Consta que exibia os mesmos filmes de São Luís em cidades do interior maranhense e quaisquer outras por onde passava incluindo Teresina e outras do Piauí. Assim sendo, trechos das filmagens dos Funerais do Rei Humberto da Itália (Assassinado em 1900) exibidos em 1902, em Caxias, no velho Theatro Phenix, devem ter sido também um dos filmes vistos aqui na capital piauiense.

Notas:

(1)
Na realidade, depois que os irmãos Lumière patentearam o seu cinematógrafo em 1895, todos os demais aparelhos passaram a ser assim designados. O Cinematographo Allemão, ao que tudo indica, era algum cinematógrafo Lumière adquirido na Europa e com algumas adaptações.

(2) Giuseppe Filippi nasceu na comuna de Montanera (Itália) em 25 de novembro de 1864. Foi precursor do cinema italiano tendo feito a primeira apresentação cinematográfica do país em Milão, em março de 1896. Radicou-se com a família na capital maranhense em 1901 e aportuguesou seu nome para José Filippi (Ou José Filipe).
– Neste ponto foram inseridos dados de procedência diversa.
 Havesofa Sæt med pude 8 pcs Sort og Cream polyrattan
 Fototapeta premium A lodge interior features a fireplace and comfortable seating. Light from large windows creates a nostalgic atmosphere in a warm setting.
Na Europa se apresentava com o Cinematographo Lumière, mas em São Luís (Maranhão) usou o nome Bioscopio Inglez. Retornou a sua terra natal ainda em 1905 após a morte da segunda esposa no Brasil em decorrência do tifo. Faleceu aos 91 anos, na Itália, em 1956.

(3) A distância entre Caxias (Maranhão) e Teresina (Piauí) é de 70km. Havia uma estrada carroçável que ligava as duas cidades em 1902, porém, Bernard Bluhm viajou, muito provavelmente, por uma estrada de ferro inaugurada em 1895 ligando Caxias ao Povoado Cajazeiras (Hoje Timon, cidade fronteiriça a Teresina e separada desta pelo Rio Parnaíba), que em 1920 formou parte da Estrada de Ferro São Luís-Teresina. Em seguida, Bluhm cruzou o Rio Parnaíba por barca ou pontão tendo em vista que não existiam pontes na capital piauiense (A primeira foi inaugurada só em 1936).

(4) Em outras palavras, A. Tito Filho pode ter se enganado no seguinte: em vez de agosto, teria colocado setembro. O hipotético equívoco poderia ser resolvido simplesmente consultando as edições de agosto/setembro de 1902 do jornal O Artista. Porém, se encontram lacradas no Arquivo Público do Piauí (Em virtude do estado de deterioração) e a Hemeroteca Digital da Biblioteca Nacional do Rio de Janeiro não possui exemplares desse periódico em questão (Obs.: Não confundir com o jornal O Artista fundado em 1918 pelo extinto Artístico Foot-ball Club, de Teresina).

(5) Provavelmente foi exibido La Passion (1898), um curta-metragem mudo de dez minutos com direção dos franceses Georges Hatot e Louis Lumière. Consta de treze cenas que vão do nascimento de Jesus até a Ressurreição.

(6) Não conseguimos encontrar o paradeiro dessas produções, todas com certeza mudas. Muito provavelmente devem estar perdidas para sempre.